Александр Николюкин - Литературоведческий журнал № 29: Материалы XII Международных научных чтений памяти Н. Ф. Фёдорова Страница 4
Александр Николюкин - Литературоведческий журнал № 29: Материалы XII Международных научных чтений памяти Н. Ф. Фёдорова читать онлайн бесплатно
Именно Фёдоров в своем «учении о воскрешении как воле Божией, а деле человеческом» поставил задачу соделать общее всем людям земли зло – смерть – предметом самого тщательного изучения, постепенного потеснения ее зловеще-царственных прав, вплоть до полного ее истребления. При этом в это «всеобщее дело» (единственное способное, хотя бы теоретически пока, объединить – без обычных разделений и фрагментаций, наши-ваши, за-против – весь род людской, поголовно смертный) заглавной частью входит все то, что касается восстановления уже умерших. Это и воспитание чувства любви к отцам и матерям, к нашим предкам, долга перед ушедшими поколениями, которые дали нам всё, от жизни до средств к ней, в виде всех цивилизационных достижений, и исследование посмертного состояния, научный поиск методик преображенного восстановления (некоторые из них сам Фёдоров промыслительно набросал как плод своей вещей интуиции).

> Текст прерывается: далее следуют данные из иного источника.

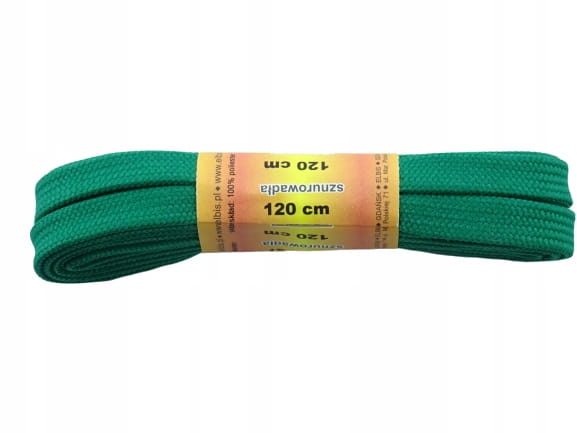 Sznurowadła sznurówki płaskie 120 cm szerokość 1 cm ciemny zielony
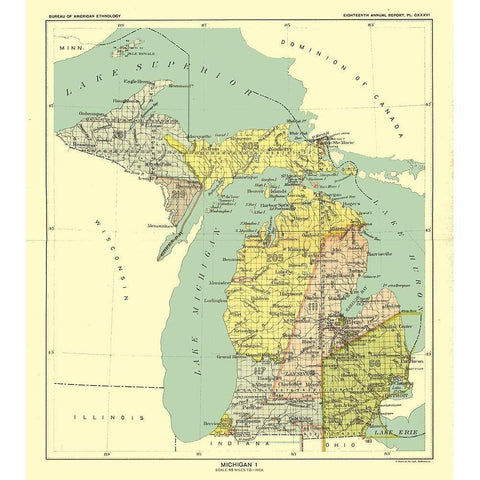 Michigan - Hoen 1896 Black Modern Wood Framed Art Print by Hoen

Бессмертие без воскрешения невозможно, по Фёдорову, ни физически, ни нравственно: оно было бы «злою неправдою», ложно-гипотетическим торжеством некоего поколения бессмертных «богов», наслаждающихся на костях отцов и предков. «Задача сынов человеческих – восстановление жизни, а не одно устранение смерти. В этом – задача верного слуги, задача истинных сынов Бога-отцов, Бога Триединого, требующего от своих сынов подобия Себе, братства или многоединства» (II, 239). Идеи о достижении физического бессмертия, не включавшие в себя воскрешения, возникали не раз, и в разного рода оккультизме, и в Новое время, начиная с Кондорсе, да и сейчас достаточно распространены, чаще всего принимая практическую форму научных поисков радикального продления жизни, к тому же пока с явным сегрегационным уклоном (для отдельных весьма состоятельных и влиятельных счастливцев). И все эти идеи и поиски отмечены знаком секулярного индивидуалистического сознания. Не имея сердечно-религиозной подпитки, дающей достойный человека масштаб цели, они отлучены и от глубокого видения проблемы, которая не может быть изъята из законов эволюции жизни, требующих ее всецелого решения.

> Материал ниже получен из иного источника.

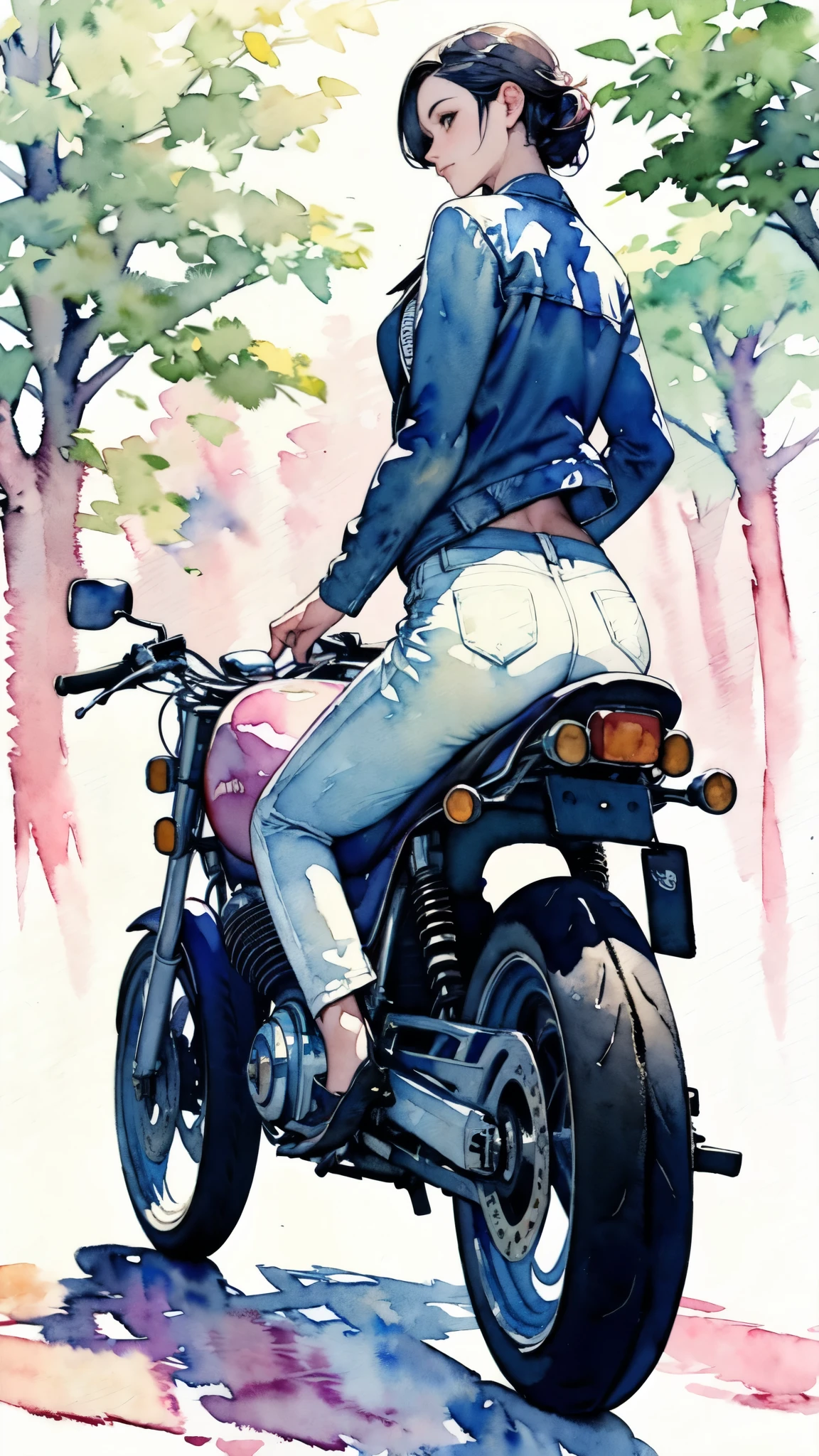 (masterpiece),(Highest quality:1.2),(Very detailed:1.2),(High resolution),(((watercolor))),8K,Woman riding a retro motorcycle,Walk along the tree-lined streets,(A pleasant expression),Riders jacket,jeans,sneakers,透明watercolor,(((hands))),((From the back))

Тейяр де Шарден в своей христианско-эволюционной оптике доказывает абсолютную необходимость персонального бессмертия. Неизымаемое условие движения вперед, готовность людей работать на новый этап эволюции – в возможности найти в этом удовлетворение своих самых заветных личностных запросов. Уже в первой своей работе «Космическая жизнь», задуманной им как «интеллектуальное завещание» (еще бы, создавалась она весной 1916 г. в траншеях мировой войны, где каждая ее строчка могла стать последней), Тейяр предупреждает: никто из предполагаемых «тружеников Земли» не впряжется в эволюционное Дело, если конкретно его единственное и неповторимое «я» окажется в нем «эфемерной ценностью», послужит лишь очередной передаточной станцией коллективного подъема. Как тут же пробегает и фёдоровское воскресительное прозрение – дух, реально вступающий в свои права управления материей, на вершине своих усилий приходит к такой дерзновенной реализации: «…мы сможем заставить ее (материю, природный закон. – С. С.) отступить, овладеть областями бессознательного и фатального и (кто знает?) всё оживить и восстановить»7. Без такой надежды, без рефлекса высшей, лично живо цепляющей цели, «цели полностью и неисчерпаемо притягательной», застопорится, а то и лопнет самое ответственное, внутренняя, ментально-психическая, волевая человеческая пружина «механизма новой эволюции» («Энергия эволюции»)8.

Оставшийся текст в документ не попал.